Why A.I. Needs Blockchain To Accelerate Its Growth

Innovation, Opinion | July 9, 2018 By:

Data is so important to the development of artificial intelligence that some have posited progress in A.I. has accelerated recently because there are finally large enough datasets on which to hone the programs. At a technical level, the data requirements for training are enormous: even a relatively simple technique like a decision tree usually needs at least 10 examples in test data for every decision node, and there can be tens of thousands of decision nodes, cumulatively requiring millions of datapoints.

Such voluminous data requirements are reflected by the industry’s leaders. Small A.I. startups are commonly limited in scope; meanwhile, the most astonishing recent advances in A.I. have been driven by the largest tech companies, such as Google and Facebook. Part of the reason is that A.I. development is very expensive and these companies have deep pockets, but equally paramount is the amount of data produced by search, social, and e-commerce businesses. Google and Facebook (and Microsoft and Amazon) have access to huge quantities of data from their users.

And yet, despite the importance of so-called Big Data for the development of A.I., the quality of the data is even more important than the quantity, and there’s one reason: bias. If the data isn’t high-quality, the conclusions drawn from it won’t be, either. Even in these nascent stages, we’ve already seen examples of data-related misinterpretations, which have resulted in headlines like: “Google Mistakenly Tags Black People as ‘Gorillas,’ Showing Limits of Algorithms” or “Twitter taught Microsoft’s AI chatbot to be a racist ***hole in less than a day.”

A.I. developers must be vigilant about several aspects of data quality, and perhaps the most important pertains to unstructured data. A recent, significant evolution in data management has been the ability to teach programs how to understand “messy” information like voice messages, Tweets, or pictures, rather than data contained in a format the program already knows, such as an Excel file. The goal is that a machine will see a picture of the Empire State Building, for instance, and hear it mentioned on an audio file, and understand it’s the same thing.

However, we are only in the beginning phases, and while progress has been made with regard to the meaning of unstructured data, machines are still unsophisticated as to data’s origins. Put it this way: would you give the same weight to a study about smoking by a cigarette company as one by a hospital? Even more abstract, asking why the information has been presented is often just as crucial to reaching a decision. When a person is presented certain choices, he or she can question not only which choice is the best, but why these are the choices in the first place.

Trusting large datasets further requires a thorough vetting of the underlying methodology. For example, if a learning machine were to study polling data, but the polling questions were biased and influenced the respondents’ answers, the patterns inferred by the machine could become biased as well. This is supremely important because we are trusting our health, wealth, homes – and soon, everything else – to decision-making machines.

Given how vital to the creation of A.I. large amounts of good data are, I think it’s worth discussing whether that data should be the domain of a single entity like a corporation. As we’ve already seen, even well-intentioned engineering teams can miss small data miscues that scale to costly mistakes. Costly is the keyword too, as A.I. tends to be a bit of a “black box,” meaning that if a problem is found, many times the only fix is to start from scratch.

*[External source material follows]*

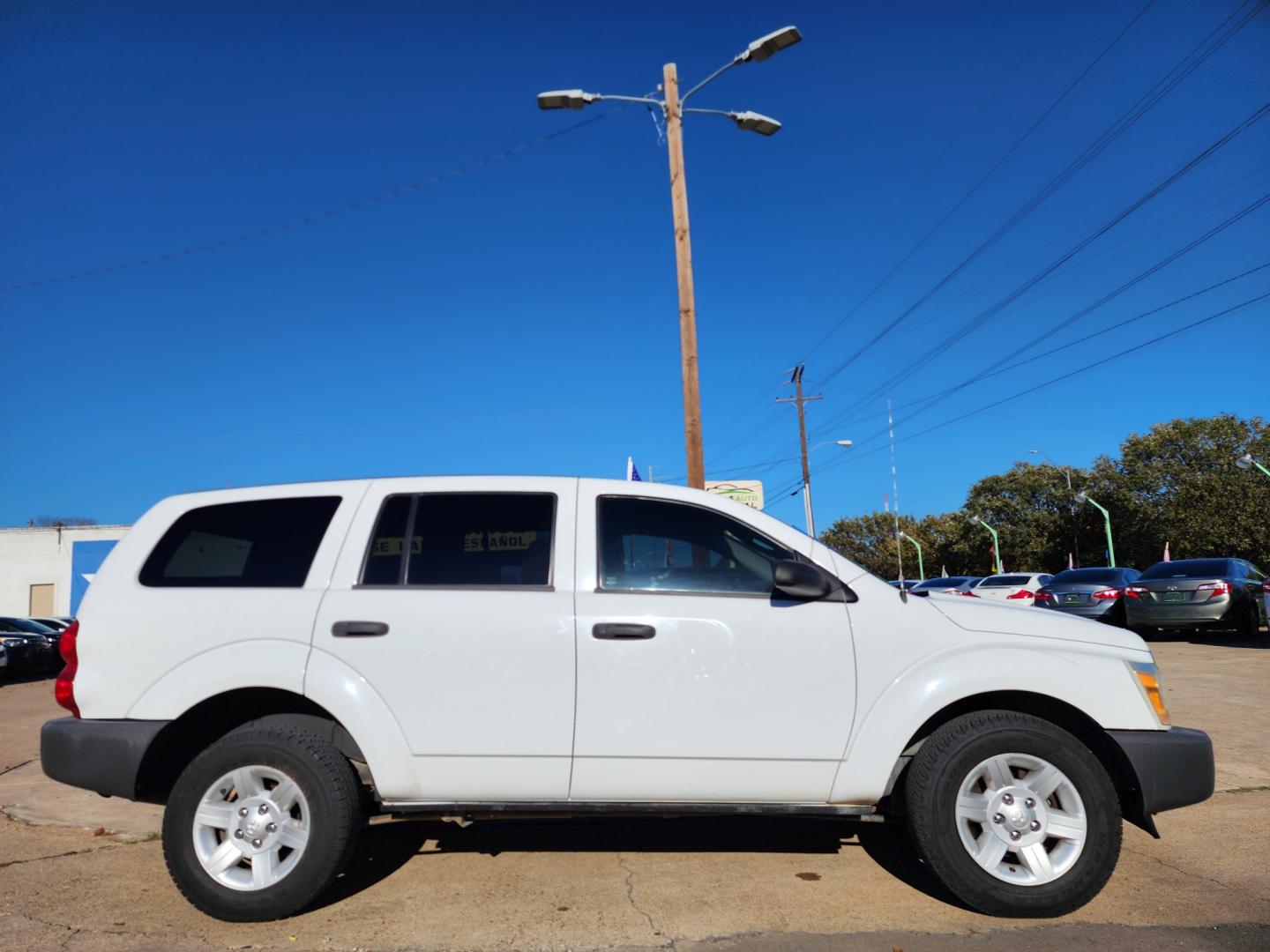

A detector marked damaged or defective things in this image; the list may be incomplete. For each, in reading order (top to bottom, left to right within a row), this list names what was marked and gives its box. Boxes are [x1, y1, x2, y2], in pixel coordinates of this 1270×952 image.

Hence, for proper growth, it’s crucial that we endeavor to meld A.I. with the blockchain, as the latter has two big advantages: 1) it’s transparent, so not just a team but the entire world can understand what data is being presented and how; 2) blockchain is decentralized, so there can be no manipulation, unintentional or not, during the training process. A decentralized approach seems especially appropriate because when we say data, we’re often talking about the data of people, who deserve to know how their information is being used.

Encouragingly, it looks like this grand melding might naturally transpire. While we are entrusting A.I. with so many important functions, so too are we discovering ever-new uses for blockchain. Data-intensive blockchain efforts are underway globally: the U.S. state of Delaware is studying how to record securities issuances on the blockchain; the Republic of Georgia is using blockchain to certify and transfer property ownership. With each passing day, a synthesis of the two technologies seems less fantastical and more inevitable.

Even in our early attempts at A.I., we’ve made amazing progress, but as humans hand off more essential tasks, the sausage-making behind machines’ decisions will become more important. A.I. not recognizing someone during a test simulation is one thing; misprescribing medicine, or misdirecting air traffic, because of data-related errors, is quite different. What you put in is what you get out – in this respect, A.I. and people are the same.

About the author: Dr. Dongyan Wang is Chief A.I. Officer at DeepBrain Chain, the world’s first A.I. computing platform powered by the blockchain. Dr. Wang has almost 20 years of experience in A.I. and data science, including at several Fortune 500 companies. Among other accomplishments, Dr. Wang has received numerous industry awards, and has dozens of A.I.-related patents granted or pending.